To assassinate an assassin is not the moral equivalent of killing an innocent. To assassinate the character or identity of a character assassin is not the same as assassinating the character of an innocent. In this sense Jesus’ battle with the most prominent influencers of His time – who sought to kill Him – is, if not perfect, a great analogy: He denounced a group known as Pharisees, to their face, calling them “hypocrites,” “blind guides,” “fools,” and “white-washed tombs” (Matthew 23:13f). Like the Joe’s and Mika’s of our day, they also feared that their traditions would be upset and their power taken.

It is not selling your soul to fight evil and stand loyally on the side of the leader that leads that fight. As Ecclesiastes 3 says, there is a time for everything: to plant, and to uproot; to kill and to heal; to speak and to be silent. This is the time to support, not criticize.

Brown or someone else might quote me one of the verses from James about how the tongue is a fire causing damage. Or one from somewhere else that counsels a soft response to wrath. Or Proverbs 16:10 about a king and his words. But, perhaps I could counter that one with one of my own: “The terror of a king is like the growling of a lion; He who provokes him to anger forfeits his own life (Proverbs 20:2).”

As Brown and others know, context determines all meaning, plus, there is a difference between individual and corporate theology. The New Testament speaks mostly to the individual. But, a lot of the Old Testament speaks to nations, for example, when God consistently tells Israel to go to war or uses other nations to judge Israel through war or conquest. At risk of sounding over dramatic, President Trump is fighting evil on a national level. I concede that he does not fight perfectly, but warriors in battle never do. War is messy.
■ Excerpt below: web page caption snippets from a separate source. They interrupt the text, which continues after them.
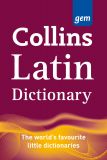 Collins Gem Latin Dictionary 2nd Edition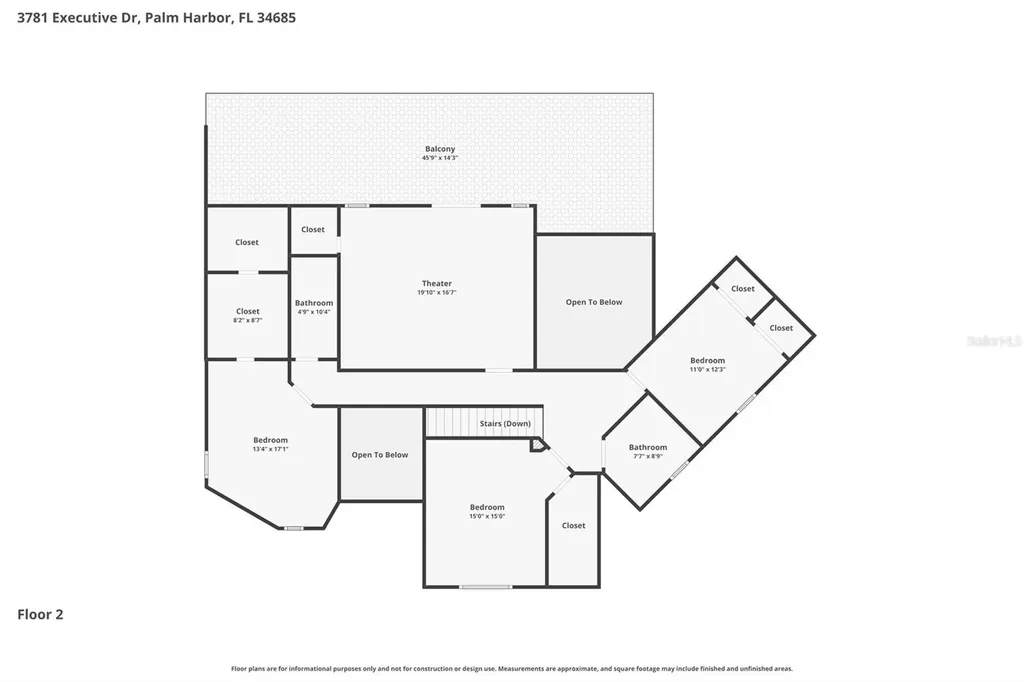 3781 Executive Drive Palm Harbor FL 34685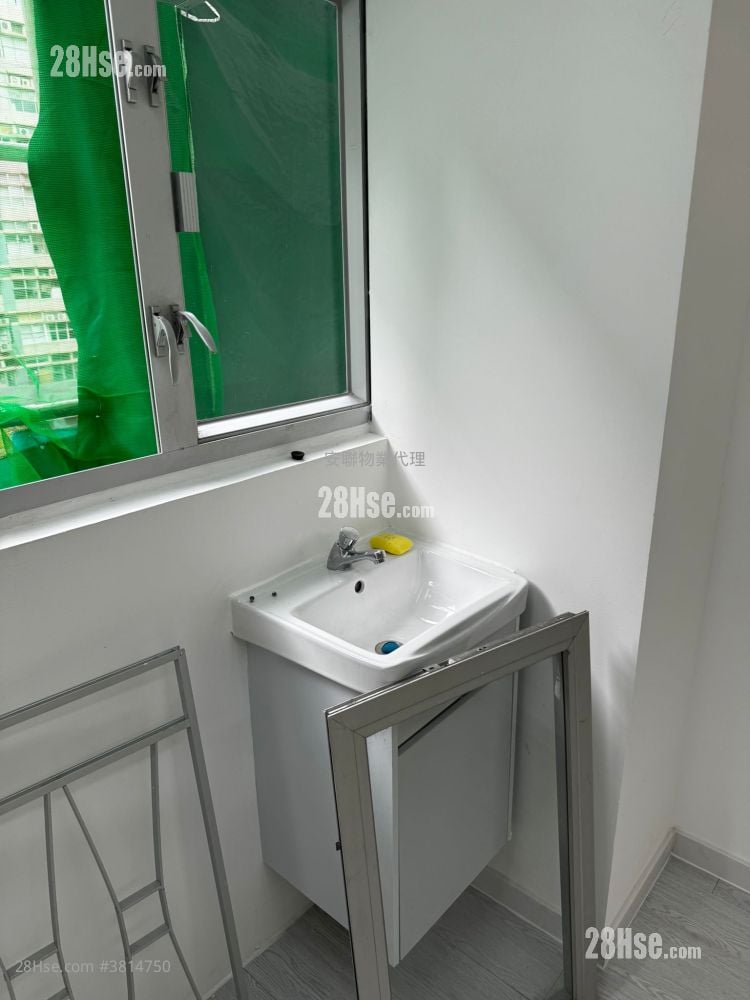 香港工业中心 租盘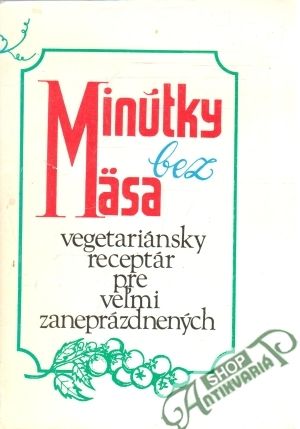 Minútky bez mäsa - Muntág Stanislav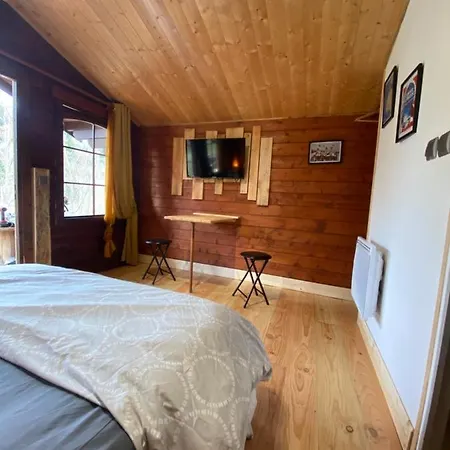 Le Maloya Couette-café Lacaune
To take the war metaphor further, Brown’s response to the Trump tweet is like ‘friendly-fire’ – it is synonymous with accidentally shooting the leader who is leading Brown’s own fight. The time to constructively criticize is after the battle has been fought, but we are are not there yet.

The more appropriate response now would be to talk about the biased news coverage at MSNBC and Joe and Mika’s twisted Trump coverage, as Brown has done at times with others. Americans believe that media caters to Democrats by 64% to 22%; and, the recent Harvard study proves the point. Or, to attack CNN who, with its recent plethora of fake news, should be known from this time forward as the ‘Counterfeit News Network.’ Another possible response would be to list all of the media slander and vile Mika and Joe tirades against the President, as Hannity recently did. But instead Brown aims at the President?

Someone behind the lines should not call the platoon leader – or the General leading the troops – and counsel him on the language of a proper response to his enemies while he’s leading the charge up the hill against a hail of bullets, tanks, and mortars!

You Don’t ‘Sell Your Soul In Defense of Trump’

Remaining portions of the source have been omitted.